Jakob Riegger, managing director of Munich-based consultancy ‘TrustYou’, said the average single property now had 10,000 reviews on 50 websites. Riegger was speaking at a social media seminar at WTM, the leading global event for the travel industry. He estimated that a small hotel chain would attract enough reviews to provide 300 days’ reading.
He said hoteliers should use online reviews to their advantage and actually ask guests for them. “It is actually very valuable. The response rate is very high, unlike if you leave cards in the room. International hotels get 10-15 times more reviews directly from their own guests than on online travel agencies and review sites.”
These reviews could then be collated and the good and bad points acted upon, he said.
Riegger said tourism authorities were increasingly using reviews to determine star ratings, with Switzerland and Germany already taking them into account.
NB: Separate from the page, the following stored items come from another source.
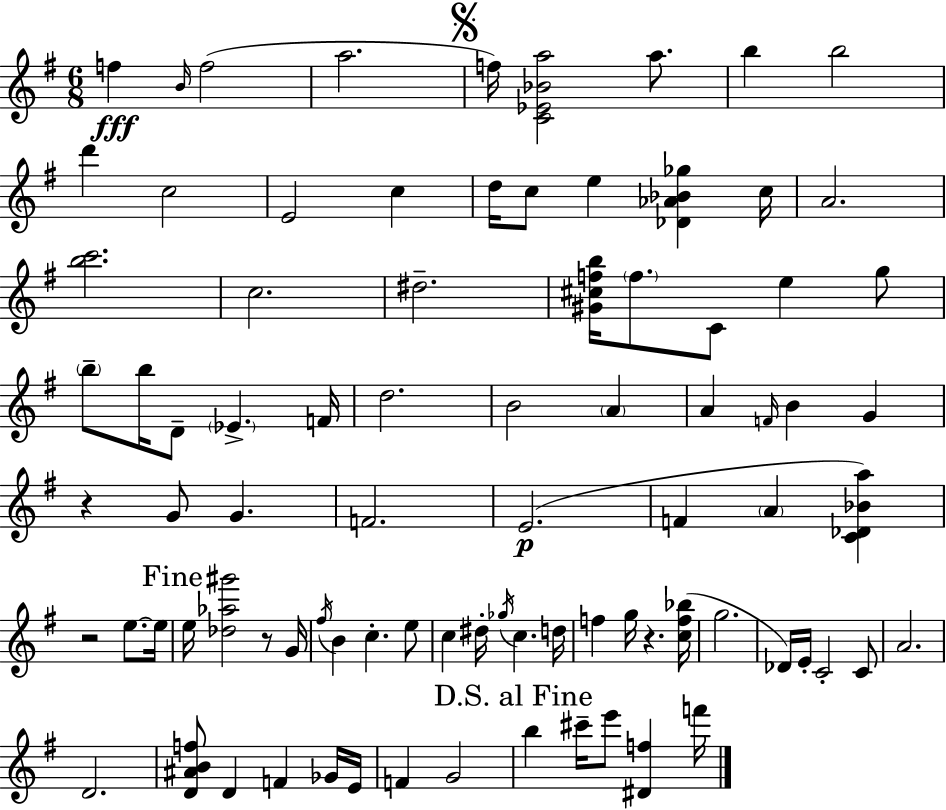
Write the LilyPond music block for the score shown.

{
  \clef treble
  \numericTimeSignature
  \time 6/8
  \key g \major
  f''4\fff \grace { b'16 }( f''2 | a''2. | \mark \markup { \musicglyph "scripts.segno" } f''16) <c' ees' bes' a''>2 a''8. | b''4 b''2 | \break d'''4 c''2 | e'2 c''4 | d''16 c''8 e''4 <des' aes' bes' ges''>4 | c''16 a'2. | \break <b'' c'''>2. | c''2. | dis''2.-- | <gis' cis'' f'' b''>16 \parenthesize f''8. c'8 e''4 g''8 | \break \parenthesize b''8-- b''16 d'8-- \parenthesize ees'4.-> | f'16 d''2. | b'2 \parenthesize a'4 | a'4 \grace { f'16 } b'4 g'4 | \break r4 g'8 g'4. | f'2. | e'2.(\p | f'4 \parenthesize a'4 <c' des' bes' a''>4) | \break r2 e''8.~~ | e''16 \mark "Fine" e''16 <des'' aes'' gis'''>2 r8 | g'16 \acciaccatura { fis''16 } b'4 c''4.-. | e''8 c''4 dis''16-. \acciaccatura { ges''16 } c''4. | \break d''16 f''4 g''16 r4. | <c'' f'' bes''>16( g''2. | des'16) e'16-. c'2-. | c'8 a'2. | \break d'2. | <d' ais' b' f''>8 d'4 f'4 | ges'16 e'16 f'4 g'2 | \mark "D.S. al Fine" b''4 cis'''16-- e'''8 <dis' f''>4 | \break f'''16 \bar "|."
}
Debbie Hindle, managing director of public relations company ‘Four BGB’ said social media was “the best possible customer research tool you will ever have in the world”. She said it prompted “huge retention and advocacy”, was valuable in natural searches and was an excellent reward and sales channel.
Hindle said VisitBritain’s use of Facebook was an excellent example of how to attract interest. “It’s bit like a party, it engages and rewards fans.”
Hindle said she disagreed with the idea that people did not want to buy in a social media environment, but added: “Social needs to be social, you have to listen to what they are saying, respond and then give extra value in order to convert. I’m not saying everyone should try to make social media commercial, I’m saying don’t discount it.”